Responses of BpPODsexpression to cold treatment
Several roles have been attributed to plant peroxidases in response to biotic and abiotic stresses [41]. In recent years, the number of studies on POD genes response to abiotic stress have been reported [35]. For example, Arabidopsis overexpressing AtPOD3 showed an increase in dehydration and salt tolerance, whereas the antisense suppression of AtPOD3 exhibited dehydration and salt sensitive phenotypes [42]. The expression of POD genes is induced by various environmental stresses, such as metal, pathogens, humidity, temperature, anoxia and potassium deficiency [41], suggesting that POD genes are involved in plant defense. In this study, we examined the expression levels of the BpPODs in response to low temperature stress. As shown in Figure 8, the result indicated that the expression of most BpPODs was altered under cold treatment. After cold treatment, the expression levels of BpPOD4, BpPOD13, BpPOD15, BpPOD17 and BpPOD21 were significantly induced at a relatively early stage (0.5 h after treatment), and with the increase of cold treatment time, the relative expression level of these genes was also at a high level. As shown in Figure 8, the expression levels of BpPOD19, BpPOD21, BpPOD39 and BpPOD47 were increased after 1.5 h treatment of low temperature. BpPOD50 and BpPOD58 did not response to cold treatment at the beginning (0.5 h), and were slightly increased after 2 h exposure to low temperature. In general, the low temperature responsive BpPODs may play important roles in birch under cold stress.

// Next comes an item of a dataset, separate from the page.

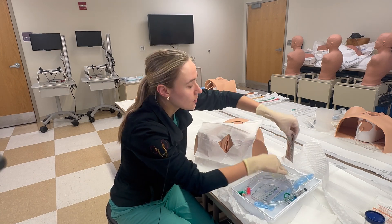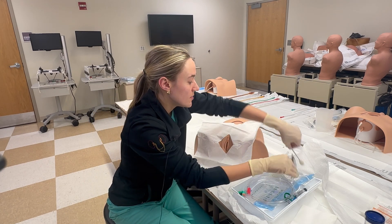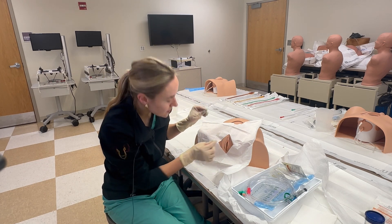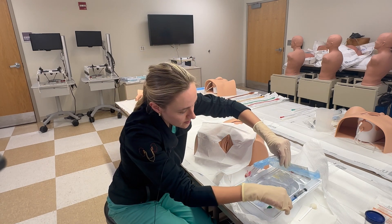We'll grab our iodine — we're not going to actually use it given that this is our model — but pretend that I'm placing the iodine on the swabs, and then I would go ahead and make sure that I really get in and disinfect as best as I can. I would use all three swabs for that.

Validation of DEGs identified by RNA-seq using qRT-PCR
We used qRT-PCR (Quantitative Real-time PCR) to validate the expression profiles of BpPODs after low temperature treatment (6℃). A total of 6 cold-responsive BpPODs were selected for qRT-PCR analysis. As shown in Figure 9, the qRT-PCR results indicated that all the 6 BpPODs were up-regulated by low-temperature stress, which was consistent with the results derived from the RNA-seq data. BpPODs including BpPOD15, BpPOD47 and BpPOD49 showed the highest transcript level when exposed to a low temperature for 1.5h. BpPOD4, BpPOD17 and BpPOD26 showed the highest transcript level at 3h. In general, this qRT-PCR result supports the reliability of the RNA-seq analysis.